Pineapple Chicken and Rice

Prep Time 10 minutes
Cook Time 30 minutes
Total Time 40 minutes
Course Dinner, Lunch, Main Course, Rice
Cuisine American, Hawaiian
Keyword Pineapple Chicken and Rice
Servings 4
A quick and easy one-pan dinner with tender chicken, pineapple, and jasmine rice in a savory ginger-soy sauce.

Ingredients

  • 1 lb chicken breast cubed
  • 1 cup pineapple cubed (fresh or canned)
  • 1 tbsp olive oil
  • 1 onion chopped
  • 2 cloves garlic minced
  • 1 red bell pepper diced
  • 1 cup jasmine rice
  • 2 cups chicken broth
  • 1 tbsp soy sauce
  • 1 tsp ginger grated
  • Salt and pepper to taste
  • ¼ cup green onions sliced
  • 1 tbsp sesame seeds for garnish

Instructions

Sauté the Chicken

  • In a large skillet, heat olive oil over medium heat. Add the cubed chicken and cook until golden and no longer pink in the center.
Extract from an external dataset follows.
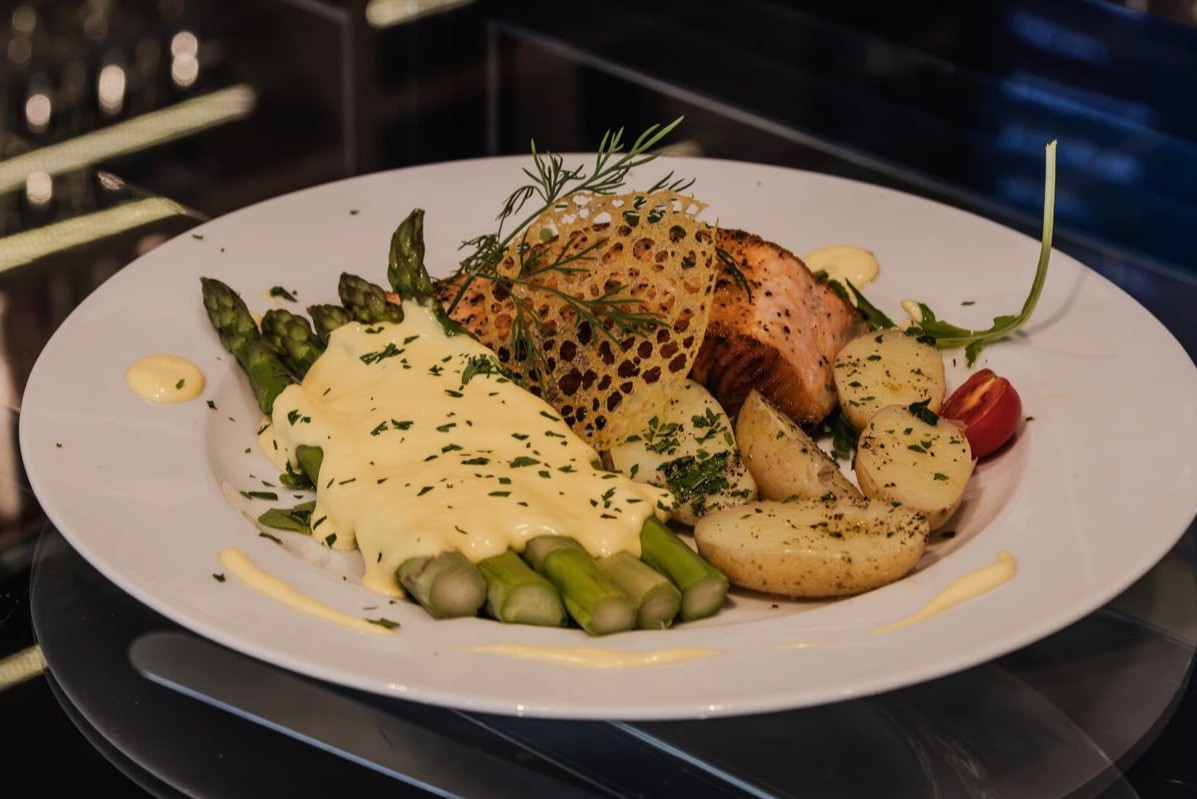 Asparagus & salmon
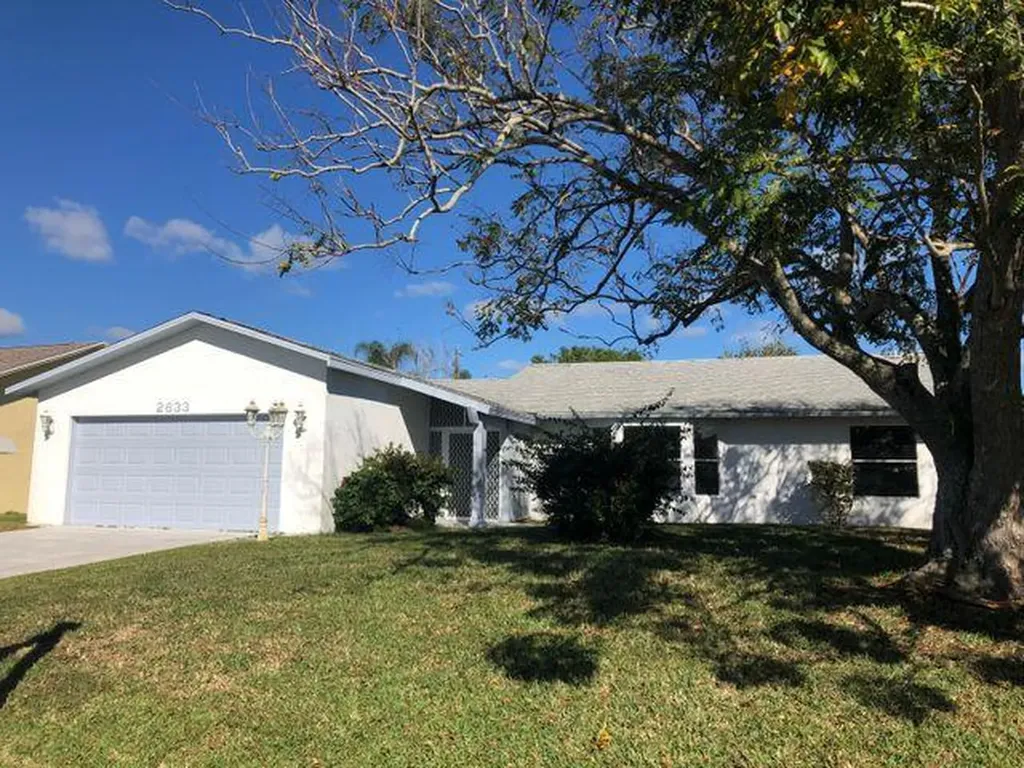 2633 SE Solana Lane Port St Lucie FL 34952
Remove and set aside.

Cook the Aromatics

  • In the same skillet, sauté onion, garlic, and red bell pepper until soft and fragrant—about 3–4 minutes.

Add Pineapple

  • Add cubed pineapple and cook for 2 minutes, stirring occasionally to release its natural sugars.

Cook the Rice

  • Stir in jasmine rice, chicken broth, soy sauce, grated ginger, salt, and pepper. Bring to a boil, then reduce heat to low. Cover and simmer for 18–20 minutes or until the rice is cooked through.

Combine & Finish

  • Return the cooked chicken to the skillet and mix thoroughly. Cook for another 2 minutes to heat everything through and let the flavors marry.

Garnish & Serve

  • Top with sliced green onions and sesame seeds. Serve warm.